Key benefits of cloud computing

  1. Scalability — It is to scale your systems up and down on-demand and with ease and whenever needed.
  2. High availability — instead of accessing a single server over the Internet, modern customers access your services via a variety of applications across a wide range of resources.
  3. Shorter time-to-market — due to an ability to provide the required environments nearly instantly, the cloud empowers your IT team to greatly reduce the time needed for developing new product features or services, and shorter time-to-market means great competitiveness.
  4. Better cost-efficiency — By using cloud infrastructure, you don’t have to spend huge amounts of money on purchasing and maintaing equipment. This drastically reduces capex costs. You don’t have to invest in hardware, facilities, utilities, or building out a large data center to grow your business. You do not even need large IT teams to handle your cloud data center operations, as you can enjoy the expertise of your cloud provider’s staff.
  5. Security — One of the major concerns of every business, regardless of size and industry, is the security of its data. Data breaches and other cybercrimes can devastate a company’s revenue, customer loyalty and brand positioning. Cloud storage providers implement baseline protections for their platforms and the data they process, such authentication, access control, and encryption.
Key Benefits of cloud

Practices to Avoid While Moving to the Cloud

1)Jumping in too Soon= Moving to the cloud requires the due diligence of a number of factors such as security, regulatory measures, business needs, cost analysis and so on. Organizations should avoid jumping in too soon.

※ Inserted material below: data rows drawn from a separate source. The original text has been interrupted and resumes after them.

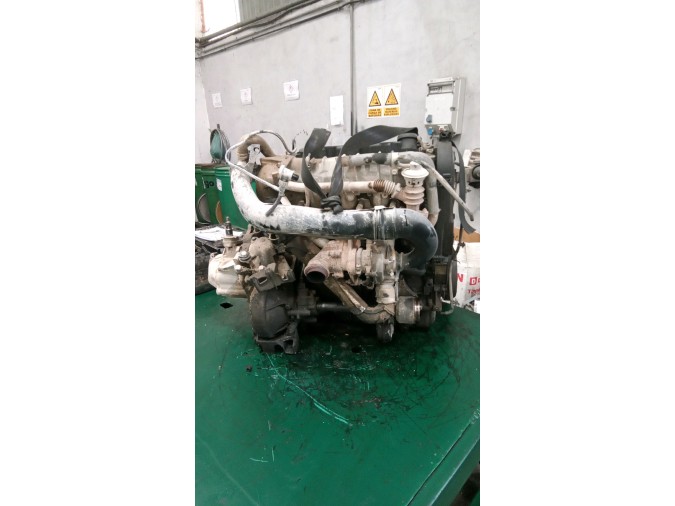 MOTOR CON ACCESORIOS Y CAJA DE CAMBIOS CITROEN XSARA PICASSO 2002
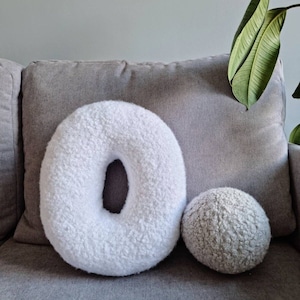 Boucle cojín almohada, carta almohada personalizada, almohadas boho, regalos personalizados, baby shower, decoración de la habitación de los niños, monograma inicial decorativo blanco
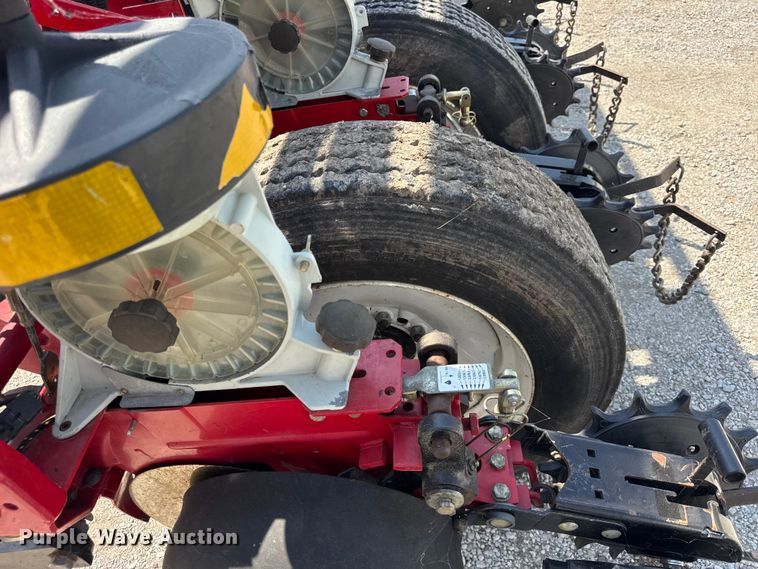 image for item ER0051 Agco White Challenger 8800 planter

2)Lack of Contingency Plan= Moving to the cloud without a contingency plan is like setting oneself up for failure. Various risks associated with the cloud are to be evaluated. A recovery plan should be in place before migrating to the cloud.

3)Lack of Understanding the Business Needs= Its good to evaluate the actual needs of the business and then map it onto the solutions available in the market. Cloud customers must be able define the exact business case.

4)Wrong Choice of Cloud Service Provider

Questions below can be used as a checklist while selecting the right cloud vendor:

  1. How will they support my business and its operations?
  2. Are they available readily and easy to work with?
  3. Will their pricing model suit the budget?
  4. Can they give references?
  5. Do they promise an uptime for their services?

5)Ignoring Legal and Compliance Issues=Cloud services subject organizations to legal and compliance issues and as the controller of data, organizations must handle these issues appropriately to avoid expensive legal penalties.

6)No due-diligence on Privacy and Data Security

Following is a list of security questions that must be asked to cloud vendor before giving the final nod:

  1. Where does my data physically reside?

2. Do you hold any certification pertaining to data protection?

3. Will my data be encrypted? How do you plan to manage the encryption keys?

4. Who gets to access my data?

5. How does transition of data during the exit process work?

7)Ignoring the Service Level Agreements

A service level agreement is a significant legal tool that determines how well the cloud experience turns out to be from the end user perspective. It helps evaluate parameters such as cloud availability, quality of service, response time, capacity and so on.